Murrhardt Immer mehr feiern Weihnachten nicht allein
Von Frank Rodenhausen 27. Dezember 2015 - 19:00 Uhr
Weil er selbst aus eigener Erfahrung weiß, wie trostlos ein Heiligabend ohne Partner oder Angehörige sein kann, hat Stefan Nägele vor fünf Jahren in Murrhardt eine gesellige Runde ins Leben gerufen. Nägele ist mittlerweile nicht mehr allein, die Veranstaltung aber auch nicht mehr wegzudenken.

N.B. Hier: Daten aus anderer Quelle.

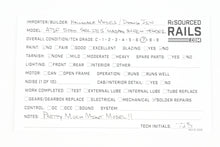 Load image into Gallery viewer, HO Brass Hallmark Models ATSF - Santa Fe 5000 Series 2-10-4 "Madame Queen" Tender Only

In Murrhardt kann man an Heiligabend in geselliger Runde feiern. Foto: Gottfried Stoppel Stefan Nägele weiß aus eigener Erfahrung, dass es nicht selbstverständlich ist, Heiligabend im Kreise der Familie zu feiern. Im Alter von 17 Jahren verlor er seine Mutter und war von diesem Zeitpunkt an meist auf sich alleine gestellt.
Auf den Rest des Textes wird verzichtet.